3, Treatment of MPM Without treatment, the median survival time (MST) of MPM patients is only a few months, and most patients die from local tumor invasion. Therapeutically, achieving good local control is the key to obtain long-term survival. Surgical procedures are the only possible means to achieve a radical outcome. However, very few patients are suitable for surgery at the time of definitive diagnosis. Treatment of MPM revolves around both surgical and non-surgical approaches.
(1) Surgical multidisciplinary treatment commonly used surgical modalities are extrapleural pneumonectomy (EPP) and pleurodesis, which involves the removal of half of the pleura, diaphragm, pericardium and lung as a whole, with 2-year and 5-year survival rates of 30%-40% and 5%-15%, respectively; and significantly prolongs tumor-free survival. Today, the mortality rate of EPP has been reduced from 30% to 3 or 4%-8%, but there is still a risk of more than 50% postoperative complication rate, and skilled surgeons can make EPP safer.
For limited MPM, pleurodesis can also yield better results, as well as lower operative mortality and complication rates than EPP [11]. Television-assisted thoracoscopic pleurodesis has also shown better outcomes in some early stage patients [17]. Compared to pleurodesis, hemithorax-enhanced radiotherapy is more appropriate after EPP and seems to be more effective in controlling tumor recurrence.
A retrospective study including 945 patients showed that surgery improved survival, with a median survival of 20, 1 months in patients treated with surgical multidisciplinary therapy. The addition of hemithoracic conformal radiotherapy after EPP did not increase surgery-related complications while increasing the efficacy.
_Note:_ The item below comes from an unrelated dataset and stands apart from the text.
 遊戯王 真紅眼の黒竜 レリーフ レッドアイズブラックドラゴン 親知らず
A multicenter study showed that EPP after phase III chemotherapy with gemcitabine and cisplatin, followed by thoracic radiotherapy, resulted in an MST of 23 months. In another eight patients with stage III or IV MPM, gemcitabine and cisplatin IV chemotherapy followed by EPP and then half-sided thoracic radiotherapy (54 cGy) resulted in an MST of 33, 5 months [20]. Similar results were obtained in patients with stage I to III MPM treated with neoadjuvant chemotherapy with gemcitabine and carboplatin, followed by EPP and hemithoracic radiotherapy. It is suggested that this treatment modality may become the standard of care for MPM.
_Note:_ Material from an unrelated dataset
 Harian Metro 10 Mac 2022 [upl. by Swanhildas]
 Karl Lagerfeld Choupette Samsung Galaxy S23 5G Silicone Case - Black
After surgery, MPM patients with N2 lymph node metastases recur more rapidly and seem to be inappropriate for surgical treatment. The choice of surgical modality needs to take into account the extent of disease, concomitant disease, and multidisciplinary treatment modality to reap better local control.
2) Non-surgical multidisciplinary treatment of patients who have lost the opportunity for surgery can be treated with chemotherapy, radiotherapy, and also biological therapies such as cytokines.
Overall, chemotherapy for MPM is not as effective as it could be, with an MST of 13 to 17 months for patients treated with single or multi-drug combinations.